The olive tree can be found in the origins of ancient legends, archaic symbolisms and the roots of the Mediterranean mythology. Symbol of fertility, as well as of peace, victory, strength and reward in many different cultures. In ancient paganism, the olive tree was even surrounded by a magic halo linked to a supernatural understanding of the existence.
According to tradition, the olive tree is original from Asia Minor, maybe Syria or Palestine. In all likelihood, it reached Europe from this corner of the Mediterranean, through Phoenician and Greek merchants, who introduced it to the Iberian Peninsula. In times of the Ancient Rome, the region of the South of Europe was one of the Empire’s most important producers of olive oil.
In ancient paganism, the olive tree was even surrounded by a magic halo linked to a supernatural understanding of the existence.
When Muslims conquered the Iberian Peninsula, they found big olive fields inherited from the Roman Empire. These plantations were very fruitful from an economic perspective, and they were cultivated following the techniques used in Roman times. The Middle Age Andalusi population called this tree az-zabbûq (which developed into the Spanish acebuche). The Andalusi culture recovered the status of the world’s primary producer of olive oil. In addition, Muslims added their own agriculture innovations, especially with regard to irrigation systems, such as the acequia (watercourses), aljibe (water deposits), and alberca (water ponds).
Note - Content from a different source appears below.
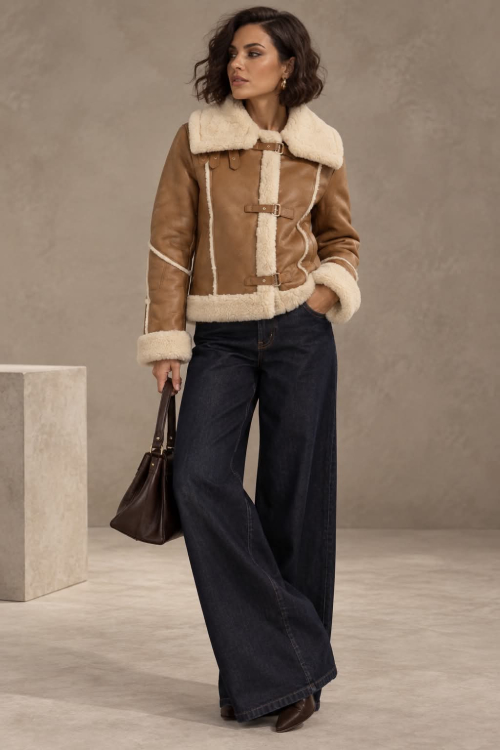 Jacket Jasmin Ταμπά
They also improved the techniques to obtain oil. The Spanish name of its fruit, aceituna, comes from the Arabic zaytuna, and its juice, aceite (oil), from the Arabic az-zayt. Many other terms linked to the oil field share their ethymology in Spanish and Arabic.
Muslims added their own agriculture innovations, especially with regard to irrigation systems, such as the acequia (watercourses), aljibe (water deposits), and alberca (water ponds).
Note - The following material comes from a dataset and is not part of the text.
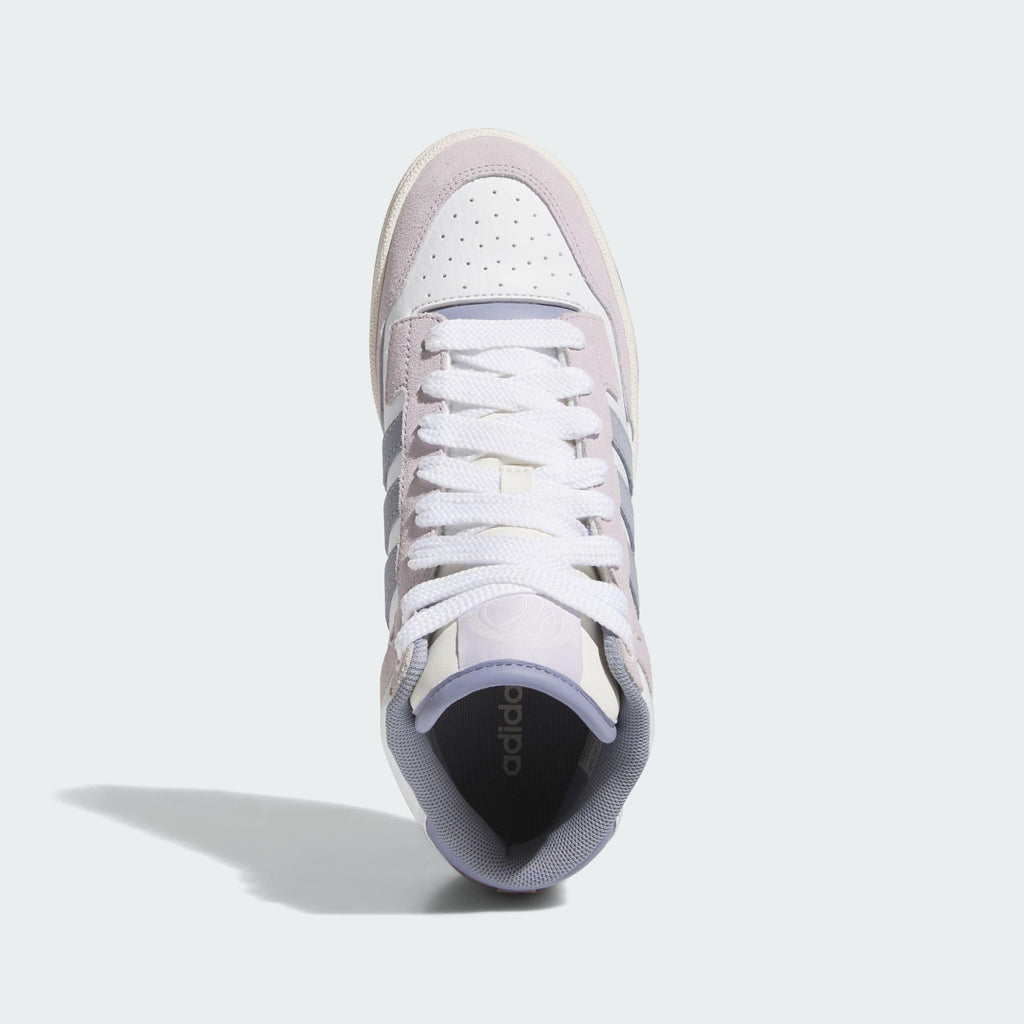 ADIDAS RAPID COURT  MID W  ICELAV/SILVIO/FTWWHT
The Muslims also extended its cultivation across the Peninsula, as reflected, still today, by its landscape, such as Seville, Jaen, the Alentejo in Portugal, among others.
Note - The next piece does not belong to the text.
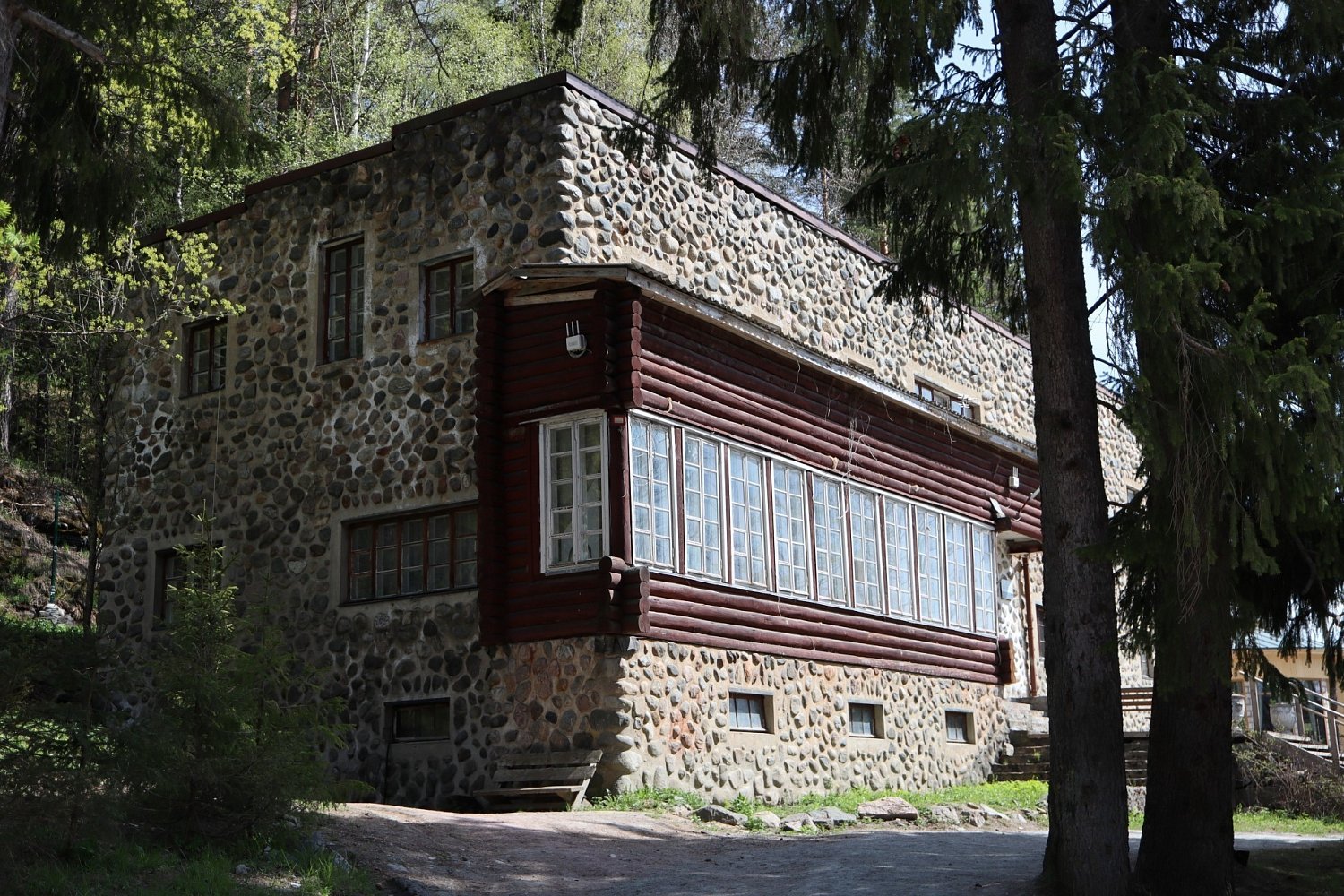 В Северном Приладожье состоялась рабочая встреча Ассоциации заповедников и национальных парков Северо-Западного Региона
Oletourism refers to Olive oil tourism, which has become part of the touristic offer of Spain today. It offers a new way of travelling, for all those looking for new leisure experiences. Picture yourself picking up olives the traditional way at an olive grove, to then visit the olive press and prepare your own olive oil. Or simply visiting an olive press to discover how this golden liquid is made, and learning to differentiate its quality.
There are olive routes signaled and organized in different regions of Spain, Greece, and other countries of the Mediterranean, as well as centennial trees –maybe even millennial–, that still live and can been seen, proudly, in Italian or Palestinian lands.
Defending the Mediterranean olive grove
Last May, Casa Mediterráneo organized, in collaboration with the Institute for Farming and Fishing Research and Training (IFAPA, Instituto de Investigación y Formación Agraria y Pesquera), the workshop “Perspectives for the Olive Tree”, that gathered many experts on olive oil from all around the world, including the Spanish administration, in the town of Cabra (Córdoba, Spain, headquarters for IFAPA).
The opening act was presented by the local mayor, Fernando Priego; the director of the diplomatic institution, Javier Hergueta; and the chief executive of the International Olive Council (IOC), Abdellatif Ghedira.
One of the workshop’s main goal was to join forces in the defense and promotion of the olive tree in the Mediterranean. With this purpose, the participants signed the Declaration on Defense of the Mediterranean Olive Tree, which gathers the goals to reach in order to overcome the challenges, dangers and threats faced by this sector.
The seminar continued with a communication on the “Financial Perspectives and the Negotiation of the CAP”, presented by Pascual Navarro, general manager for the Coordination of the Domestic Market and other Community Policies, belonging to the Spanish Ministry of Foreign Affairs. The communication delved in the olive tree as a European identity symbol, that, although it has faced many different threats, continues to be a production system that feeds the population and needs to be profitable.
The workshop ended with a roundtable on “The future of the olive grove in the Mediterranean”, which discussed the situation of the different producer countries, the risks they face and their prospects for the future.